So, as I said last week, I’m planning to head to Chicago to see Rob Lowe. The plan is simple…drive my car to O’Hare airport, park it, and have a good couple of days in Chicago. There’s a lot planned, and the time is nigh.
Except there’s some problems…on Wednesday, my car decided to not start, so I wound up getting a free loaner car from the dealership, which I drove for the weekend.
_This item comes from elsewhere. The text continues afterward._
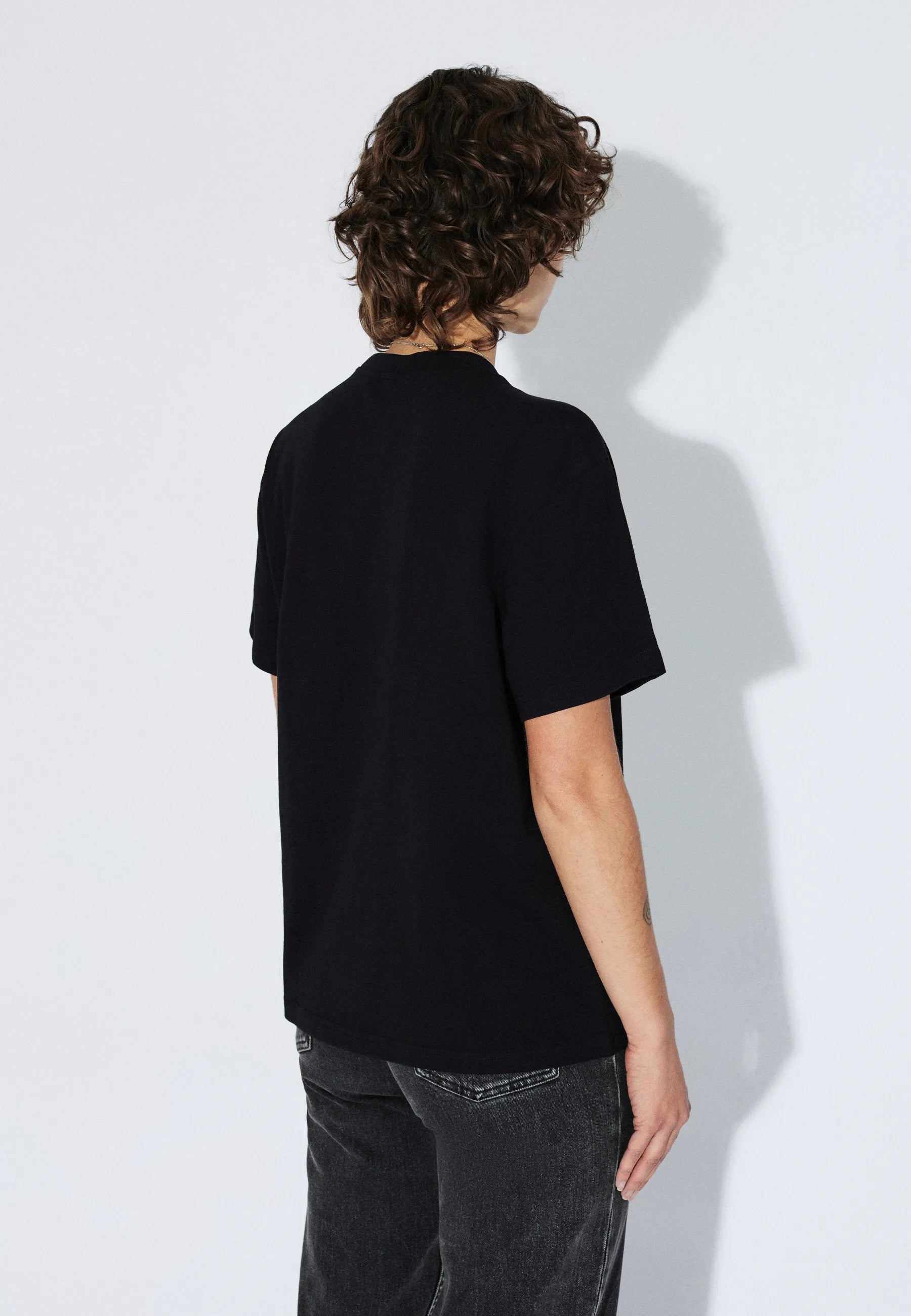 2531110BJ1_DrDenim_BaceTee_BlackBrush_Main_W4_1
It’s not a problem since it’s a hybrid and it has some really cool features :)
To get to Chicago from where I live is dead simple – follow the freeway until the Illinois border, then follow the tollway – a task that would be slightly less expensive had I had my car, but it’s still worth the convenience to pay full price for the tolls (in Illinois, you pay full price if you pay cash, but if you use their electronic tolling, it’s half price).
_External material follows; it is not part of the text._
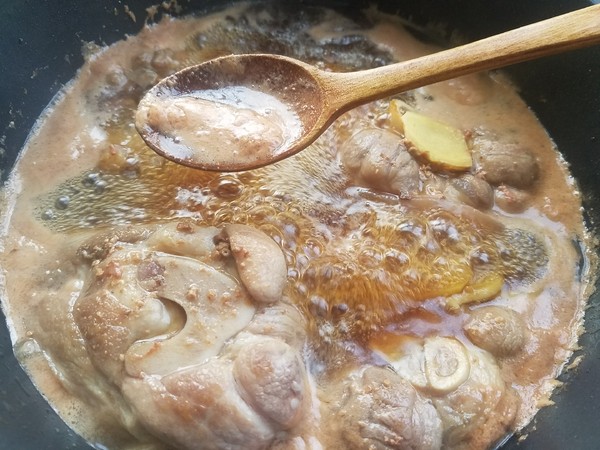 芦笋腐乳猪肘的做法-家常味炖菜谱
However, I’m a bit of an odd duck when it comes to driving from here to there – detours are not uncommon for me; the first detour is to drop off a package, which is just a quick stop, and I’m back on the road again.
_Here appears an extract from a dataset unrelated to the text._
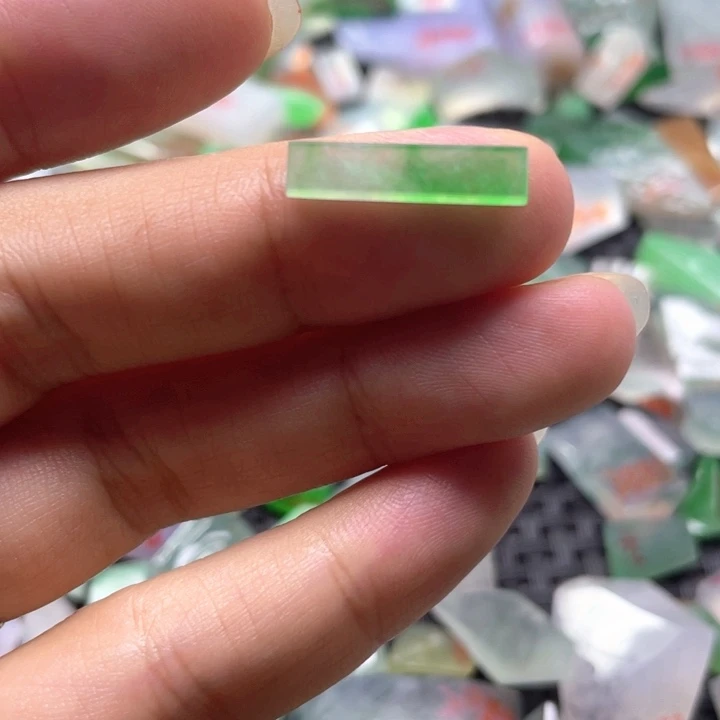 定制翡翠未镶嵌天然缅甸翡翠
One thing about the loaner car is that it ties into my phone, and all I have to do is press the voice button, say “IKEA” and it immediately suggests that I go to the one that just opened the other day, no faffing about choosing one down a list.
It was no surprise that when I arrived at IKEA, the parking lot was nearly full, but there is attention to detail, even down to signs made up by IKEA telling you not to park alongside the road.
Getting closer to the parking lot, there are marshals directing you to your parking spot – you didn’t get a chance to choose your spot. I get parked, and notice something strange…an RV in the parking lot – as in someone actually came to IKEA in an RV…not a huge Breaking Bad style one, but one nonetheless.
Picking up the map, I realize that it’s in the design of the more recent IKEA maps in that it is the transit map, designed to make you spend more time in the store browsing through the showroom and marketplace, maximizing revenue for the store. One handy feature of the map, though, is that it does have the shortcut lines in it, showing how to jump to the restaurant from the entrance. The restaurant line was crazy long, and I think that they don’t have the restaurant as well planned as it could be – in the other restaurants that I’ve been at, you just queue up at the item that you want, say the meatballs, and then you get it.
I waited patiently in the line, perusing the choices for lunch, and I come across the Daim cake on the screens, so I picked that along with the Swedish meatballs and a Latte to drink while sat comfortably on one of their couches in the restaurant.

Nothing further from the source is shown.